Clusters are the way to go. Google and Yahoo run their Websites on distributed databases spread across vast clusters of servers. Now Aster Data Systems, a startup that is coming out of stealth mode today, is offering a clustered database for Web analytics to any large website. One of its first big customers is MySpace, which is running the database on a cluster of 100 server nodes to analyze what songs and videos are going viral, what features are becoming popular, and what content is being consumed on its service. That comes to more than one terabyte of new data every day that needs to be analyzed. CEO and co-founder Mayank Bawa explains:
Google and Yahoo had to build this infrastructure for themselves. Others don’t have this. So we will give them a very scalable database, and keep costs low by running it on commodity hardware.
Bawa and his co-founders were Ph.D students at Stanford when they founded the company in July, 2005. They raised an angel round of about $1 million in November, 2005 from Stanford computer science professor David Cheriton, Josh Kopelman at First Round Capital, Anand Rajaraman (founder of Junglee and Kosmix), and uber-angel Ron Conway. Cheriton was also one of the early angel investors in Google.

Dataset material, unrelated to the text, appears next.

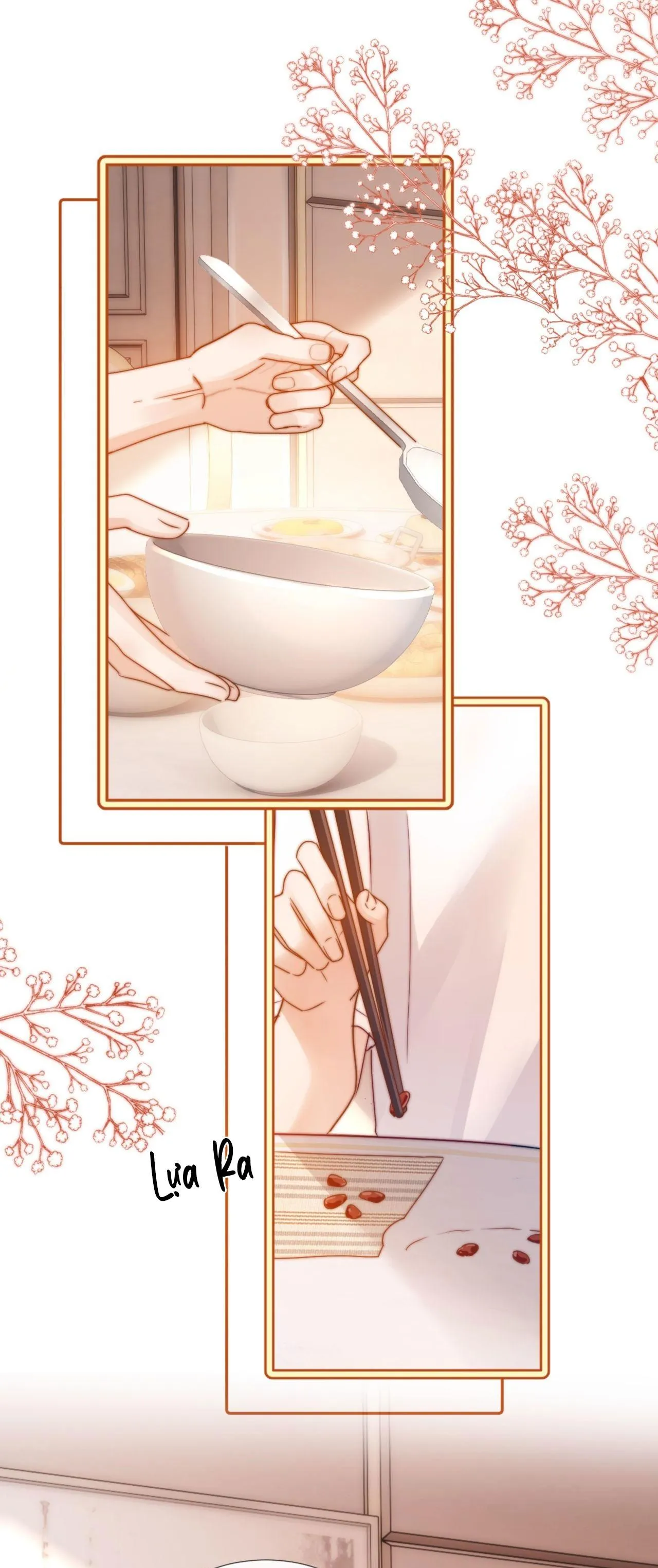 Chất Dị Ứng Đáng Yêu Chapter 8 Trang 23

Another Google investor, Sequoia Capital, took the entire A round in May, 2007. The company is not disclosing that round, but it is believed to be around $5 million.

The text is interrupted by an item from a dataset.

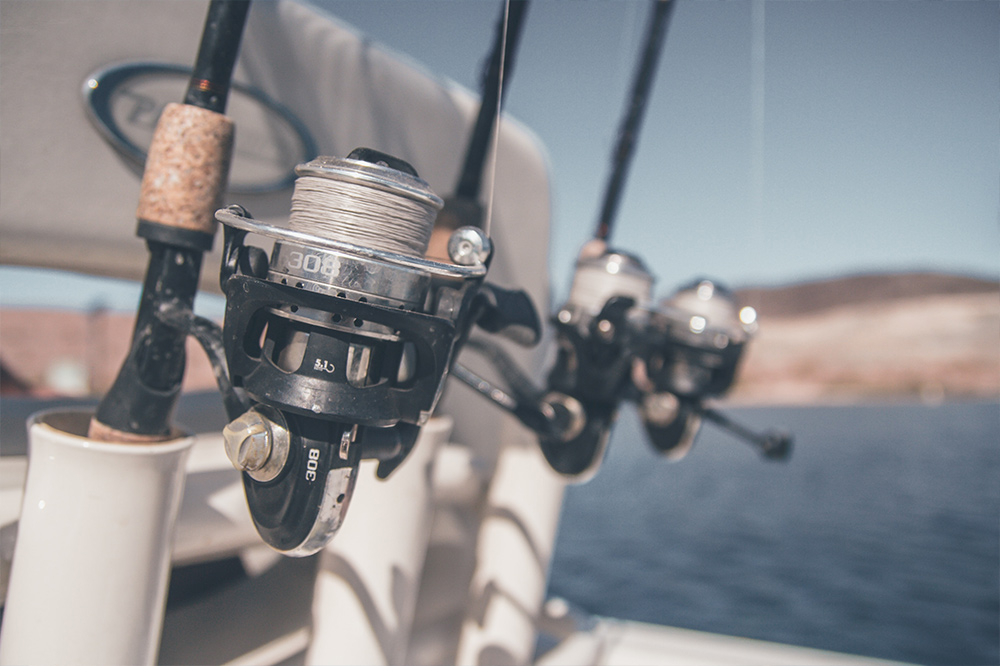 Boat Rod Holders: The Ultimate Buyer's Guide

Kopelman explains why he invested:
AsterData give companies deep insights on massive data by transforming off-the-shelf, commodity hardware into a powerful, self-managing, and scalable analytic database. Data analysis that previously took days to run (or were impossible to run) now routinely finish in minutes/hours. They already have paying customers today and Aster is in production managing billions of events per day.
It’s a data driven world, and the old-style databases just can’t keep up.